● Task to complete: Each record is to be printed exactly as given, down to the last mark.

● Data extracts:
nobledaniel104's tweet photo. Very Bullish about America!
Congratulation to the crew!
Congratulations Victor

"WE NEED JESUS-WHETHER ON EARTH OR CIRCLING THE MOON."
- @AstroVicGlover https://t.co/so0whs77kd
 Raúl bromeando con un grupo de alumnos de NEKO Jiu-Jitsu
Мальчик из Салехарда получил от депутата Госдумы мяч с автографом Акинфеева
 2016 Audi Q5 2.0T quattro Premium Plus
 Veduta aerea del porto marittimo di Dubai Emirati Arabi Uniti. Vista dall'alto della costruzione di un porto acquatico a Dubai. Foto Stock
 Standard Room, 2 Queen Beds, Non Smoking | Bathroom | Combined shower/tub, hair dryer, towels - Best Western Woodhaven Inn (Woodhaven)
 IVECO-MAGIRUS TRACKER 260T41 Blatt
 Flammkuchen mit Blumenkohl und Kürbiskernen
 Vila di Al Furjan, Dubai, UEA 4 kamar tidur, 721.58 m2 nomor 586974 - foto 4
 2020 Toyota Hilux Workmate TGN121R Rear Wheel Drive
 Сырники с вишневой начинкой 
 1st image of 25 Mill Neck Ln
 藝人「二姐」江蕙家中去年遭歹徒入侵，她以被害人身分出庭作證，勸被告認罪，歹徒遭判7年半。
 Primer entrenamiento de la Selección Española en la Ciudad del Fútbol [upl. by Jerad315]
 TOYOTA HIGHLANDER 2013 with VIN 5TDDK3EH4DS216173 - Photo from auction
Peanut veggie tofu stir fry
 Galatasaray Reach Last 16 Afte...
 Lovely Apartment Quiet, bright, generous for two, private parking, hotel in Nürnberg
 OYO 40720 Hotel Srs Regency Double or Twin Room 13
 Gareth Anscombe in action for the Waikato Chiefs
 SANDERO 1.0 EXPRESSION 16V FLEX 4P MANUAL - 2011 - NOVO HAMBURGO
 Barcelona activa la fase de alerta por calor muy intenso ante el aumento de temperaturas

● Your solution:
nobledaniel104's tweet photo. Very Bullish about America!
Congratulation to the crew!
Congratulations Victor

"WE NEED JESUS-WHETHER ON EARTH OR CIRCLING THE MOON."
- @AstroVicGlover https://t.co/so0whs77kd
 Raúl bromeando con un grupo de alumnos de NEKO Jiu-Jitsu
Мальчик из Салехарда получил от депутата Госдумы мяч с автографом Акинфеева
 2016 Audi Q5 2.0T quattro Premium Plus
 Veduta aerea del porto marittimo di Dubai Emirati Arabi Uniti. Vista dall'alto della costruzione di un porto acquatico a Dubai. Foto Stock
 Standard Room, 2 Queen Beds, Non Smoking | Bathroom | Combined shower/tub, hair dryer, towels - Best Western Woodhaven Inn (Woodhaven)
 IVECO-MAGIRUS TRACKER 260T41 Blatt
 Flammkuchen mit Blumenkohl und Kürbiskernen
 Vila di Al Furjan, Dubai, UEA 4 kamar tidur, 721.58 m2 nomor 586974 - foto 4
 2020 Toyota Hilux Workmate TGN121R Rear Wheel Drive
 Сырники с вишневой начинкой 
 1st image of 25 Mill Neck Ln
 藝人「二姐」江蕙家中去年遭歹徒入侵，她以被害人身分出庭作證，勸被告認罪，歹徒遭判7年半。
 Primer entrenamiento de la Selección Española en la Ciudad del Fútbol [upl. by Jerad315]
 TOYOTA HIGHLANDER 2013 with VIN 5TDDK3EH4DS216173 - Photo from auction
Peanut veggie tofu stir fry
 Galatasaray Reach Last 16 Afte...
 Lovely Apartment Quiet, bright, generous for two, private parking, hotel in Nürnberg
 OYO 40720 Hotel Srs Regency Double or Twin Room 13
 Gareth Anscombe in action for the Waikato Chiefs
 SANDERO 1.0 EXPRESSION 16V FLEX 4P MANUAL - 2011 - NOVO HAMBURGO
 Barcelona activa la fase de alerta por calor muy intenso ante el aumento de temperaturas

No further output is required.